Category Archives: 作法

卒業式と姿勢

「主張ある道徳授業を創る!」セミナーで、道徳の形として一番重要な「姿勢」の話しをしました。
話しは極めて簡単に「あなたの姿(すがた)に勢(いきお)いがありますか」と、訓読みをするところから入りました。
訓読みというのは、日本人にとっては、意味が分かる読み方であり、そこには日本人の思想が込められているとも受け取れる読み方です。

基本は椅子の奥に座ります。
背もたれにはもたれません。
姿勢良く座り続けていて、疲れたら、そっと背もたれにもたれて、また元気になったら姿勢を良くします。

セミナーに参加していた鈴木文男先生から、「姿勢のお話は、卒業式が迫っているためたいへんありがたく拝聴しました。」とメッセージをいただきました。
卒業式の練習では、呼びかけ・歌・返事・証書のいただき方・歩き方など、いろいろと指導する内容があります。どれもこれも、目立つところの指導なので、自然、指導にも力が入ります。

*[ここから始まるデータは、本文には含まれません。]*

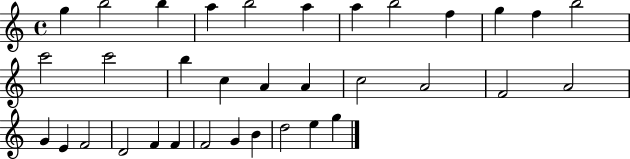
{
  \clef treble
  \time 4/4
  \defaultTimeSignature
  \key c \major
  g''4 b''2 b''4 | a''4 b''2 a''4 | a''4 b''2 f''4 | g''4 f''4 b''2 | \break c'''2 c'''2 | b''4 c''4 a'4 a'4 | c''2 a'2 | f'2 a'2 | \break g'4 e'4 f'2 | d'2 f'4 f'4 | f'2 g'4 b'4 | d''2 e''4 g''4 | \break \bar "|."
}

これに比べて、座った時の姿勢は、実に地味です。ですので、通常はぐらぐらしないで座ってさえいれば、それで良しとされます。
ところが、この地味な姿勢がきちんとできるようになって、そんな子がそろって椅子に座っていると、「お見事!」と言いたくなるような光景になります。
「人間ができている」という雰囲気も漂ってきます。
なぜでしょう。
日本人は、「直」を好み、「曲」を好まないからです。
正直者は好きですが、曲者(くせもの)は好まれません。
姿勢という言葉を使う時に、「良い姿勢」「正しい姿勢」「姿勢良く」「姿勢を正して」と、「良い」とか「正しい」という言葉がついて回ります。
「良い」「正しい」がついている姿を全員の子がしていたら、その子たちはみんな良くて、正しいのです。
そう言う姿を人々は見事と言うのです。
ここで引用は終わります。